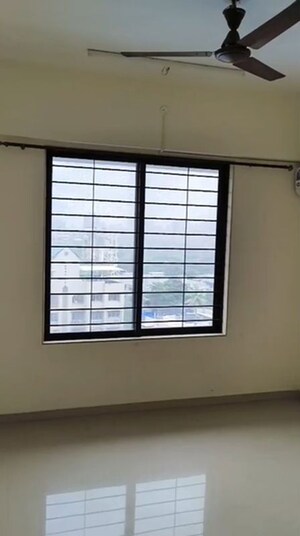 Bedroom in 2 BHK Apartment at Chembur – for Rent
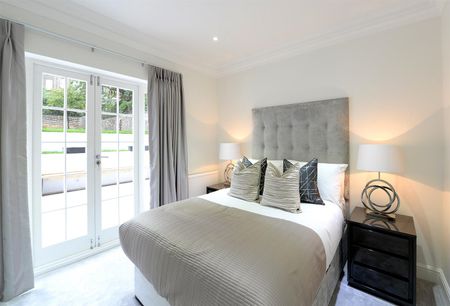 3 bed apartment to rent in Lexham Gardens, London, W8 6 - Photo 4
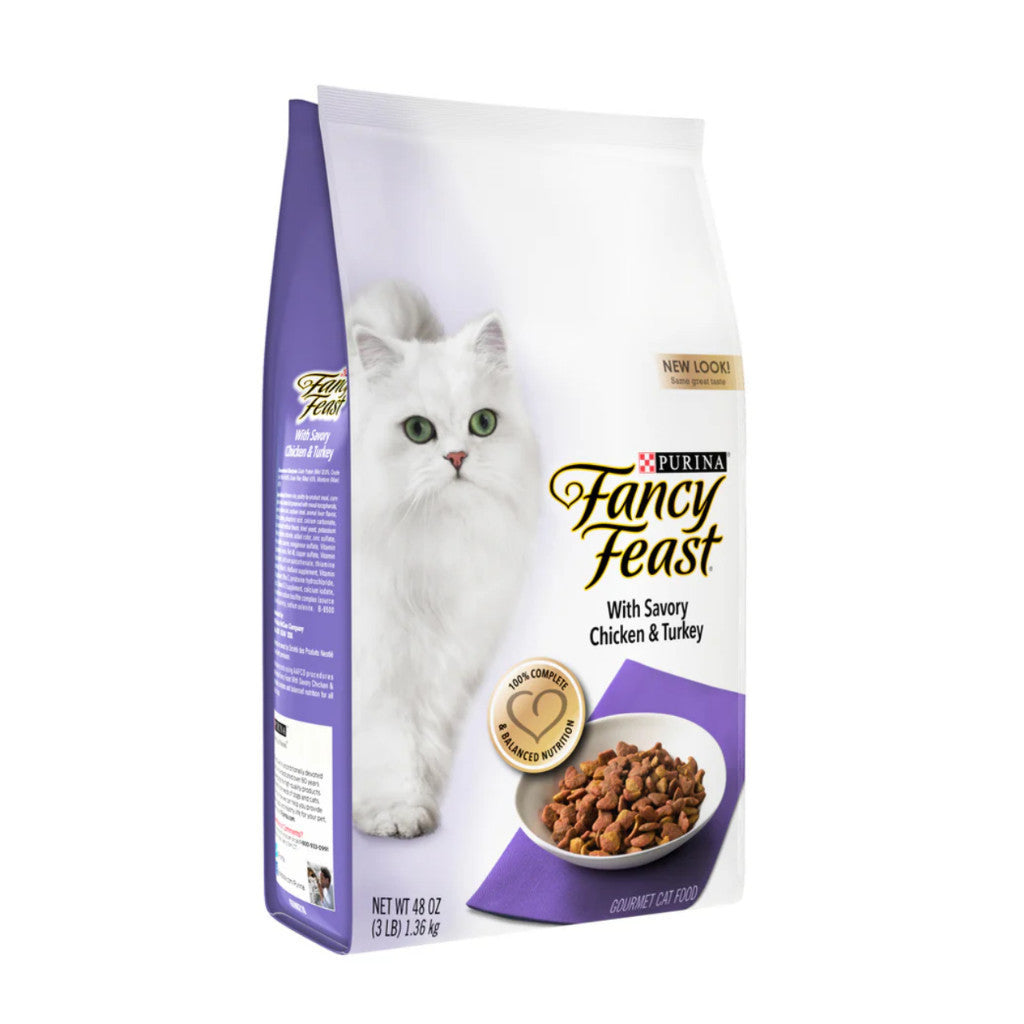 Fancy Feast Dry Cat Food Gourmet - Ocean Fish, Salmon, Chicken & Turkey Flavor - 1.36KG (3LB) Wholesome & Nutritious Kibble for Adult Cats - Perfect for Indoor Cats & Weight Management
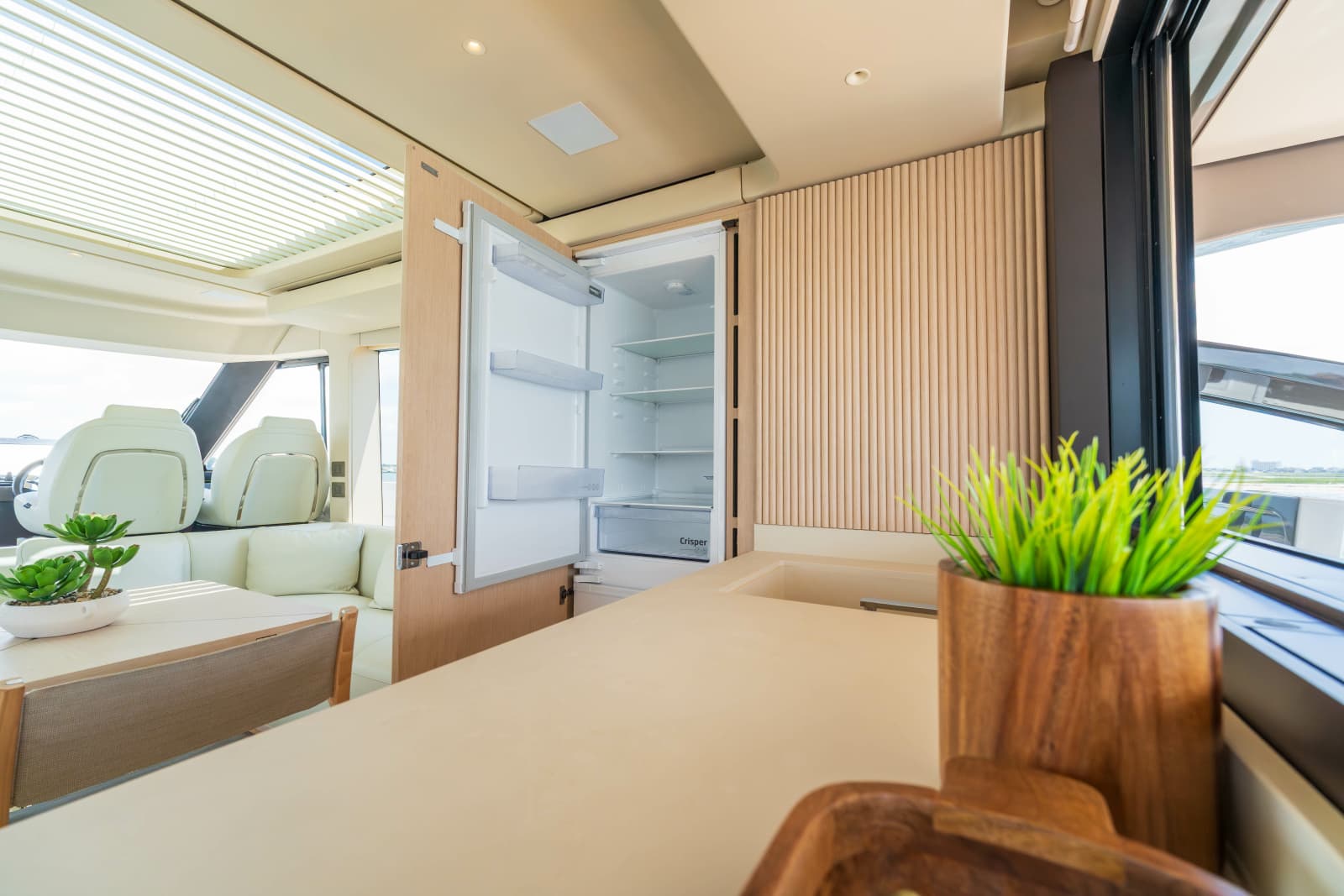 2025 Azimut Seadeck 6 - Photo 23
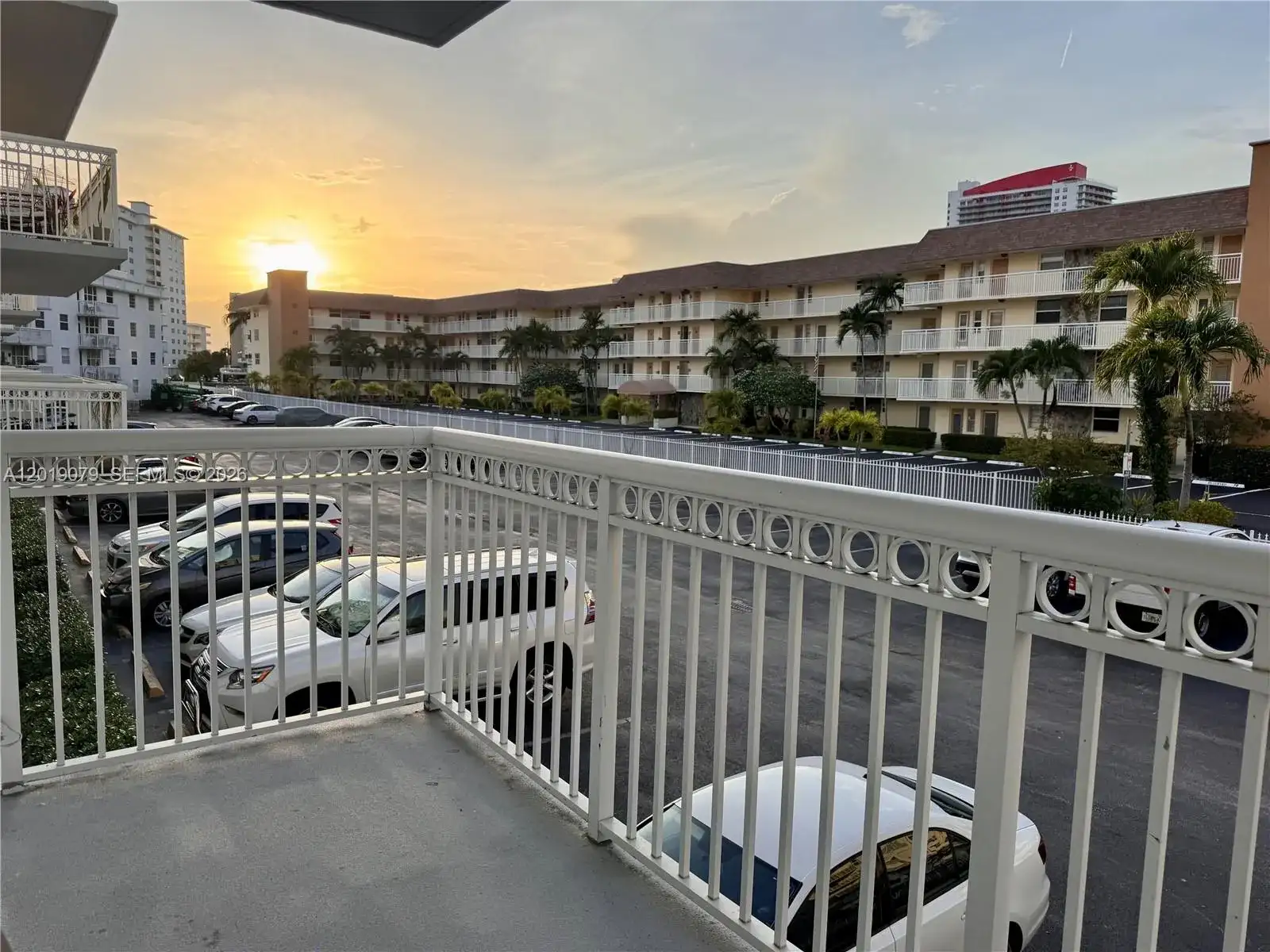 1913 S Ocean Dr # 212, Hallandale Beach FL 33009 photo 4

◆ TASK GOAL ◆
Copy all of the data above exactly. Leave out every picture.

◆ ANSWER FOR THIS EXERCISE ◆
 Bedroom in 2 BHK Apartment at Chembur – for Rent
 3 bed apartment to rent in Lexham Gardens, London, W8 6 - Photo 4
 Fancy Feast Dry Cat Food Gourmet - Ocean Fish, Salmon, Chicken & Turkey Flavor - 1.36KG (3LB) Wholesome & Nutritious Kibble for Adult Cats - Perfect for Indoor Cats & Weight Management
 2025 Azimut Seadeck 6 - Photo 23
 1913 S Ocean Dr # 212, Hallandale Beach FL 33009 photo 4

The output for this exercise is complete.